#### TASK DESCRIPTION
Print the data below exactly, but only the lines from the one containing "Item preview, Floral" down to the one containing "Hobby Horse z dźwiękiem i kółkami Rosie różowy.", inclusive.

#### GIVEN RECORDS
-------------------------

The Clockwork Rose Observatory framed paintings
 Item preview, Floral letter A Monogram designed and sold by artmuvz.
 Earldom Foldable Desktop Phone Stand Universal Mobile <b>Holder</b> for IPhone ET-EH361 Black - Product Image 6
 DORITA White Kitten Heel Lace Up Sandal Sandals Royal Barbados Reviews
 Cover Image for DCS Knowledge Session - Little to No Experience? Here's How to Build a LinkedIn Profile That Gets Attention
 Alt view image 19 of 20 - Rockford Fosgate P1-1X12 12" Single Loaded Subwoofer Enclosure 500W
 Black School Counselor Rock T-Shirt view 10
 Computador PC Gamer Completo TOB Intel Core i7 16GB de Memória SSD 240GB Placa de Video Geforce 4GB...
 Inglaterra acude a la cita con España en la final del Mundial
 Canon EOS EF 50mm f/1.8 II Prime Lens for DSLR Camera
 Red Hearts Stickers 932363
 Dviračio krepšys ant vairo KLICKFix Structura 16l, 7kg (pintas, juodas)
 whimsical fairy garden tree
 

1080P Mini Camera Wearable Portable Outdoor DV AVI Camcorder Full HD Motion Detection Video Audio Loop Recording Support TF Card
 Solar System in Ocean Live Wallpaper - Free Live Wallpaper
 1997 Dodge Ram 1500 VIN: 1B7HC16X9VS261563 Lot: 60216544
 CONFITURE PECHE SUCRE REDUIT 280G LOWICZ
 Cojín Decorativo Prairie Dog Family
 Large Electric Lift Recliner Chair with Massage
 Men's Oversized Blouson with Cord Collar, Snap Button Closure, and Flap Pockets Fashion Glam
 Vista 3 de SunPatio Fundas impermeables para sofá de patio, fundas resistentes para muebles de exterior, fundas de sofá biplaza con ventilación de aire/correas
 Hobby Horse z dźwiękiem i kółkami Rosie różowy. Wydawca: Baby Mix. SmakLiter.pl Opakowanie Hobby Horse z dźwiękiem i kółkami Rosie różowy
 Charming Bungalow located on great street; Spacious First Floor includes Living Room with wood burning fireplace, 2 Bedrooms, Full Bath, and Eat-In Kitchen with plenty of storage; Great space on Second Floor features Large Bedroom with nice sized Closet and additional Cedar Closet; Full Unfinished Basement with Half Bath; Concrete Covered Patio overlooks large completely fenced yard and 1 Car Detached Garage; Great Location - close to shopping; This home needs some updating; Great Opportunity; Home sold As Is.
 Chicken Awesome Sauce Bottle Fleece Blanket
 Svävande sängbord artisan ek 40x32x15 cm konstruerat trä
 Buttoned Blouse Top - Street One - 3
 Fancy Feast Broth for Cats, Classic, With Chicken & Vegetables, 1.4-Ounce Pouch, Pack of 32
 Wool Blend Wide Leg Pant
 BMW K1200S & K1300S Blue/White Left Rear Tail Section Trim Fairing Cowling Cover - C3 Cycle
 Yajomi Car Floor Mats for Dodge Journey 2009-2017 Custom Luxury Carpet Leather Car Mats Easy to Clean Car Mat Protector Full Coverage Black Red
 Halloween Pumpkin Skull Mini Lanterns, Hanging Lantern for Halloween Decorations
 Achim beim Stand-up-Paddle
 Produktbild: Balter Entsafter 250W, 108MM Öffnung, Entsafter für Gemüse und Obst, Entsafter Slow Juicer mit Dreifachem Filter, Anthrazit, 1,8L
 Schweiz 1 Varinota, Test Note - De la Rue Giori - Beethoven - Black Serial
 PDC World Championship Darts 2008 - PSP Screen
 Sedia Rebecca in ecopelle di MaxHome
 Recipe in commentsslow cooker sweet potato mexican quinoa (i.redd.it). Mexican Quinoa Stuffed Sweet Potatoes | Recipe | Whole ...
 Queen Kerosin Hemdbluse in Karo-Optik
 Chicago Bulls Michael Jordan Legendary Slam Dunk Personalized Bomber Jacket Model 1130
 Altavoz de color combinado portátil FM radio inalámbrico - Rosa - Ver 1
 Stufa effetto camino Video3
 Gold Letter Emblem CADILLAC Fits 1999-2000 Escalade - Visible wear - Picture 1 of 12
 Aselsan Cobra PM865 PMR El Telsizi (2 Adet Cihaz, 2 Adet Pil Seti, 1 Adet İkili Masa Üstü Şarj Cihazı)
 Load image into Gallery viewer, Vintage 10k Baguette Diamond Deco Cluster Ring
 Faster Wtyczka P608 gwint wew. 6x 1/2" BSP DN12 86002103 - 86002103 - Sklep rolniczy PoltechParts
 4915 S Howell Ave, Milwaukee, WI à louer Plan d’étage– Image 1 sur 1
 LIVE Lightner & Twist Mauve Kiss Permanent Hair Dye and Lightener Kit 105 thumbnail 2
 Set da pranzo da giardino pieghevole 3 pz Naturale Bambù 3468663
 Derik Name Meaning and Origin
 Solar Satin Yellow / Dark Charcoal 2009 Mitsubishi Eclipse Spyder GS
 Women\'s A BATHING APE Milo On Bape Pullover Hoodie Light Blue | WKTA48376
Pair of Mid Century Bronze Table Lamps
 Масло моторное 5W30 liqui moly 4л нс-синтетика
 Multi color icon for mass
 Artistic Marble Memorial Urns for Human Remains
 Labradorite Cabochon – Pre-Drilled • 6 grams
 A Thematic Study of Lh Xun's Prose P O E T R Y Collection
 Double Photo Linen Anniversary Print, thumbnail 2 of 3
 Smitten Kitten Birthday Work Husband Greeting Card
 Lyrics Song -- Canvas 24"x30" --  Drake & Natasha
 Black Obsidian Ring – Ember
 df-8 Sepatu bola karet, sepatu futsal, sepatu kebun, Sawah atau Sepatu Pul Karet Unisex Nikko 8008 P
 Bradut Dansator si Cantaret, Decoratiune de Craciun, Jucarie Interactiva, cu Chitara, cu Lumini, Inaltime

-------------------------

#### YOUR RESPONSE
 Item preview, Floral letter A Monogram designed and sold by artmuvz.
 Earldom Foldable Desktop Phone Stand Universal Mobile <b>Holder</b> for IPhone ET-EH361 Black - Product Image 6
 DORITA White Kitten Heel Lace Up Sandal Sandals Royal Barbados Reviews
 Cover Image for DCS Knowledge Session - Little to No Experience? Here's How to Build a LinkedIn Profile That Gets Attention
 Alt view image 19 of 20 - Rockford Fosgate P1-1X12 12" Single Loaded Subwoofer Enclosure 500W
 Black School Counselor Rock T-Shirt view 10
 Computador PC Gamer Completo TOB Intel Core i7 16GB de Memória SSD 240GB Placa de Video Geforce 4GB...
 Inglaterra acude a la cita con España en la final del Mundial
 Canon EOS EF 50mm f/1.8 II Prime Lens for DSLR Camera
 Red Hearts Stickers 932363
 Dviračio krepšys ant vairo KLICKFix Structura 16l, 7kg (pintas, juodas)
 whimsical fairy garden tree
 

1080P Mini Camera Wearable Portable Outdoor DV AVI Camcorder Full HD Motion Detection Video Audio Loop Recording Support TF Card
 Solar System in Ocean Live Wallpaper - Free Live Wallpaper
 1997 Dodge Ram 1500 VIN: 1B7HC16X9VS261563 Lot: 60216544
 CONFITURE PECHE SUCRE REDUIT 280G LOWICZ
 Cojín Decorativo Prairie Dog Family
 Large Electric Lift Recliner Chair with Massage
 Men's Oversized Blouson with Cord Collar, Snap Button Closure, and Flap Pockets Fashion Glam
 Vista 3 de SunPatio Fundas impermeables para sofá de patio, fundas resistentes para muebles de exterior, fundas de sofá biplaza con ventilación de aire/correas
 Hobby Horse z dźwiękiem i kółkami Rosie różowy. Wydawca: Baby Mix. SmakLiter.pl Opakowanie Hobby Horse z dźwiękiem i kółkami Rosie różowy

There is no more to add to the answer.